Moreover, the government responds that Agent Liwienski's anticipated testimony satisfies Fed.R.Evid. 702. The government argues that this testimony is essential to disproving defendant's theory of the case. Because defendant's theory is that defendant engaged only in legitimate “side-dealing” of firearms within the statutory carve-out and not an illegal business for profit, Agent Liwienski's testimony about the wide variety of firearms, ammunition, and magazines sold “will illuminate defendant's willfulness in engaging in firearm deals, including unlawful ones.” Gov. Opp. Def. MIL at 7.
Next, the government contends that the expert testimony on federal licensing requirements, serial numbers, and tracing is admissible because this testimony will aid the factfinder in determining whether defendant engaged in the business of dealing firearms without a license. Gov't Opp. Def. MIL at 8. The government emphasizes that Agent Liwienski will not opine on an ultimate legal conclusion or instruct the factfinder as to the applicable law, but rather will explain “the nature of and requirements for a federal firearms license” to “provide background on a fact in issue in this case.” Id. at 8. Further, the government argues that the testimony on the common attributes of unlawful firearm sales and coded language is admissible because this testimony will show the “general practice of criminals to establish the defendants' modus operandi.” United States v. Freeman, 498 F.3d 893, 906 (9th Cir. 2007). For example, the government argues that the prices defendant charged will show that defendant was not merely selling to “a friend, ” as defendant purports, but rather making black-market deals. Gov't. Opp. Def. MIL at 10-11.
Finally, the government contends that Agent Liwienski is qualified to testify as an expert and no Daubert hearing is necessary. Id. at 11. In addition to the summary of Agent Liwienski's qualifications in the government's expert letter, the government also provided Agent Liwienski's qualification statement. Id.
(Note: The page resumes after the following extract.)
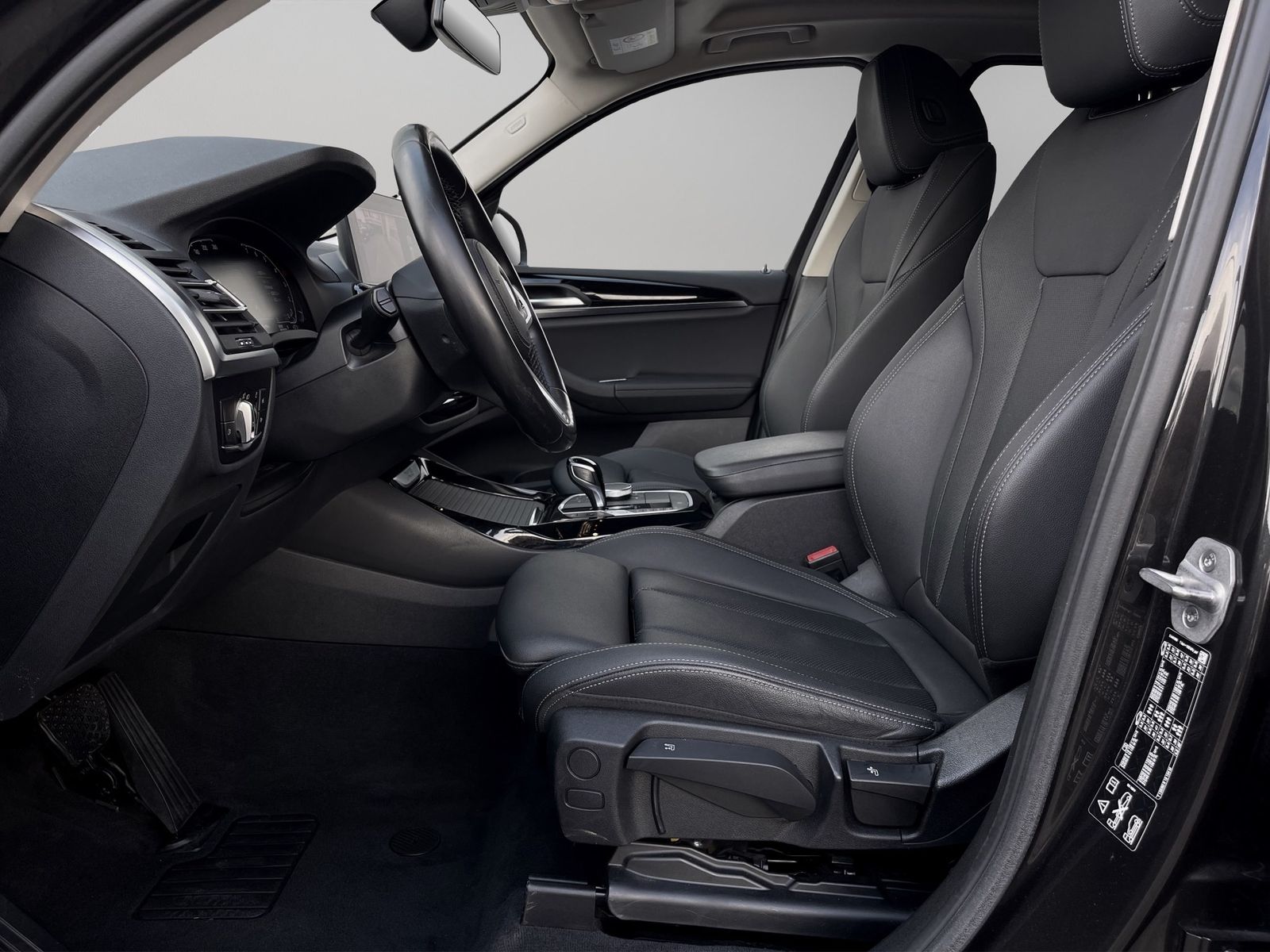 BMW X3 xDrive20i AHK Rückfahrkamera HarmanKardon foto 9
The qualification statement notes that Agent Liwienski has previously testified as an expert on the interstate nexus of firearms and ammunition in the Central District of California. Id. He has also worked as an ATF Special Agent since 2008, and had previously served as a police officer in Detroit, Michigan and as a non-commissioned officer in the United States Army. His numerous trainings include the Detroit Police Academy, Federal Law Enforcement Training Center (“FLETC”) Criminal Investigator Training Program, ATF Special Agent Basic Training, ATF Firearms Interstate Nexus Course, FLETC Firearm Instructor Training Program, ATF Advanced Firearms Interstate Nexus Course, and Glock Armorer's Course. Id.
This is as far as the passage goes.